When you reach the line below that has "Miniatura 3 de", start returning lines exactly, and stop after the line that has "tweet-from-justin-welsh-asking-people-to-subscribe"; skip the pictures.

- [RAW DATA]
[Start of Attachment]
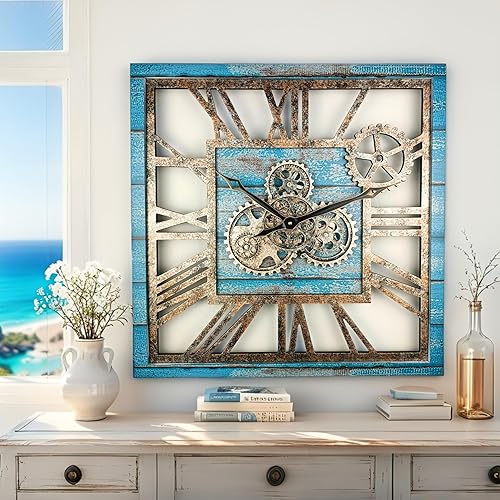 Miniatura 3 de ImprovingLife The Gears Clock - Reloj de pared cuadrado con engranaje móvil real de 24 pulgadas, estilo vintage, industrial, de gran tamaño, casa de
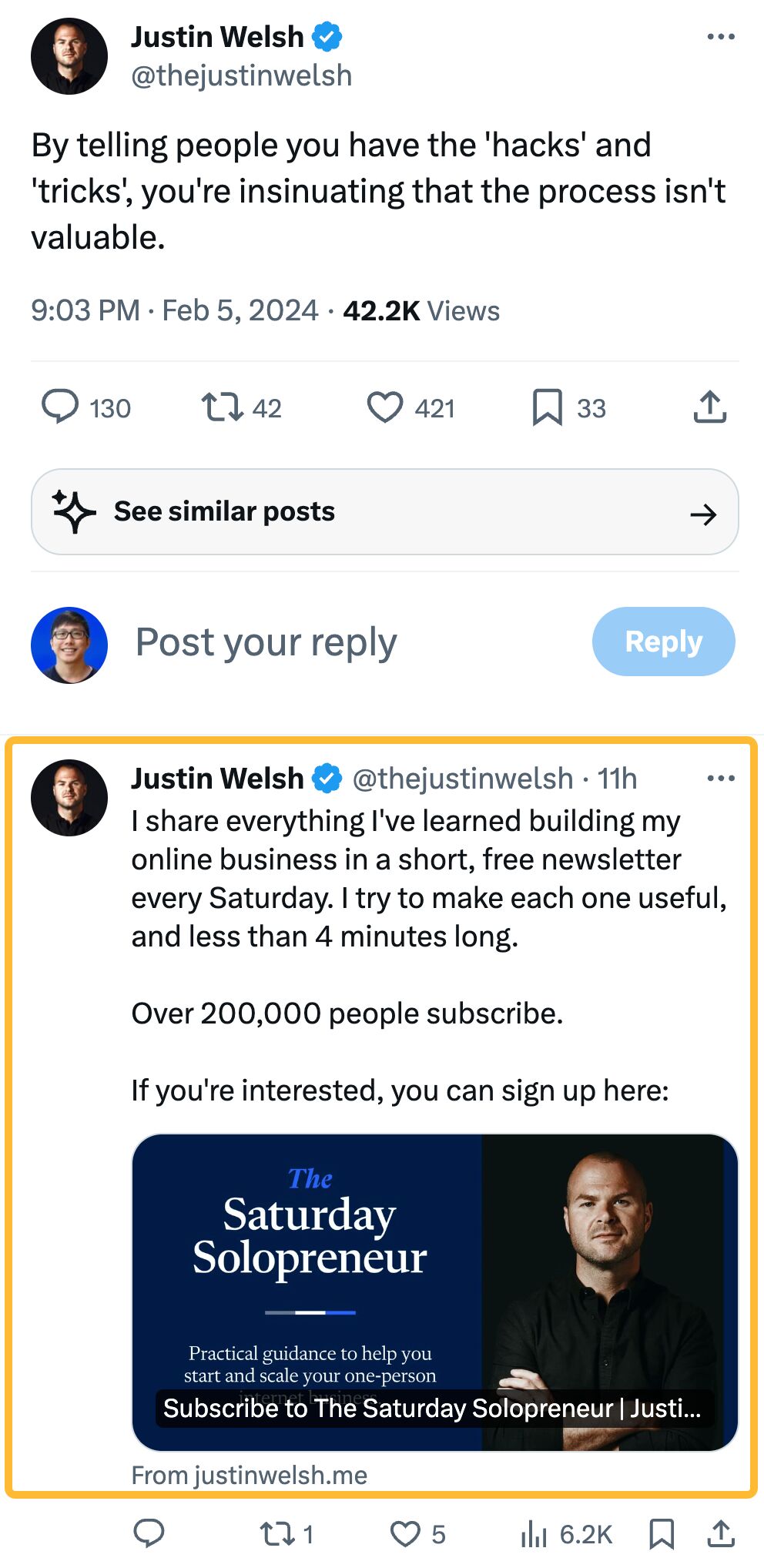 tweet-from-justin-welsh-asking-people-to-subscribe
[End of Attachment]
[Start of Attachment]
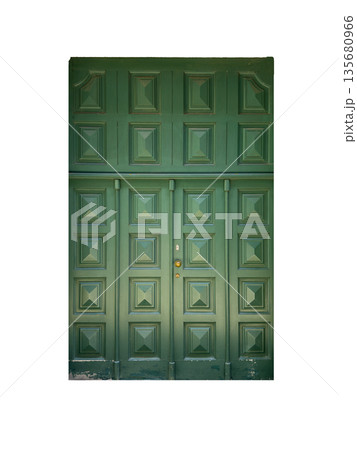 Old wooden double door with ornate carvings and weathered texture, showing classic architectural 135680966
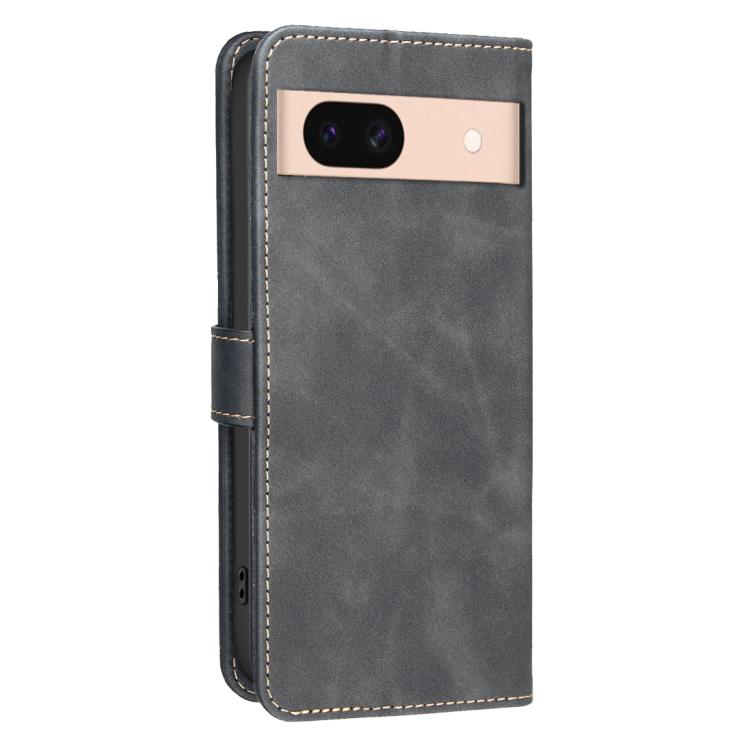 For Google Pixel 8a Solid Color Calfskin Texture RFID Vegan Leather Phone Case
[End of Attachment]
- [COMPLETED TASK]
 Miniatura 3 de ImprovingLife The Gears Clock - Reloj de pared cuadrado con engranaje móvil real de 24 pulgadas, estilo vintage, industrial, de gran tamaño, casa de
 tweet-from-justin-welsh-asking-people-to-subscribe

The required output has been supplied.